Increasing the county sales tax rate from 7.0 to 7.25 percent would help avoid a major budget shortfall.
(Hamilton County, Oh.) - Hamilton County's sales tax could be on the rise.
The county commissioners debated Monday a proposal by county administrator Jeff Aluotto to hike the sales tax to fix a looming $28 million gap in the county’s 2019 budget.
Currently, Hamilton County’s sales tax is 7.0 percent. The increase to 7.25 percent would generate about $38 million in new revenue each year.
If the tax rate is not increased, county departments could be subject to budget cuts up to 17 percent, but Hamilton County Commissioner Todd Portune has said there is little to nothing left for the county to cut.
Hamilton County Sheriff Jim Neil said in March that further cuts could lead to floors of the justice center being closed, reduced patrols, and layoffs.
Under Aluotto’s recommendation, the 7.25 sales tax rate in 2019 would fall back to 7.0 percent in 2020 when a quarter-percent tax to renovate Union Terminal expires.
Commissioners have until June 18 to finalize the budget and approve the tax increase directly, or send the proposal to county voters.
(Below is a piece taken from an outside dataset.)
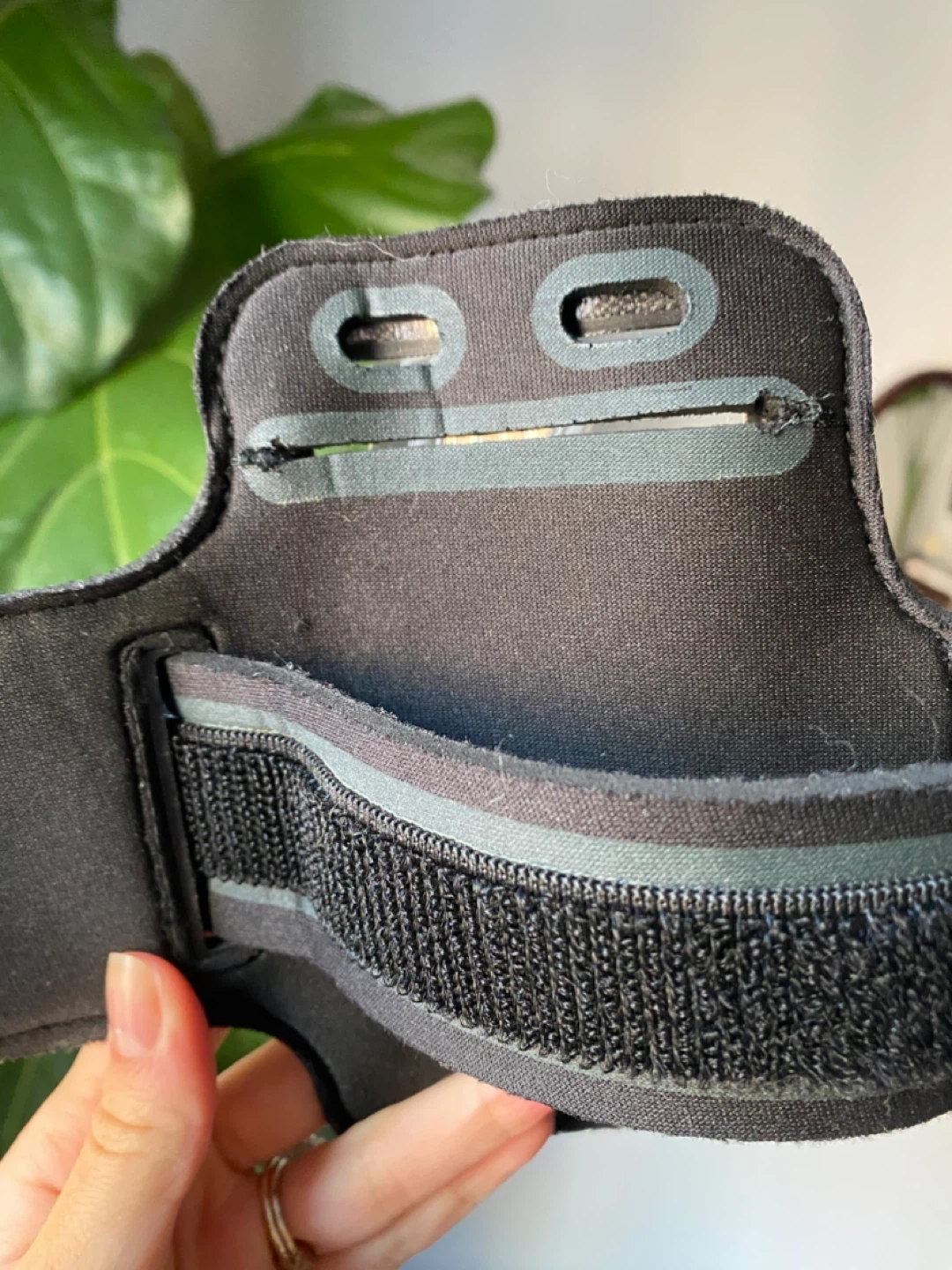 Black Armband Phone Holder - photo 3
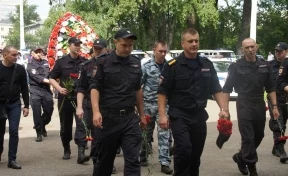 В Новокузнецке похоронили убитого в Чечне на блокпосту полицейского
If the latter, language for the ballot measure would need to be approved by August 8.
If commissioners approve the tax increase themselves, the county would begin collecting revenue in October. If voters happen to be given the option and pass the increase in November, collections would not begin until April 1, 2019, with only an estimated $19 million being collected for 2019.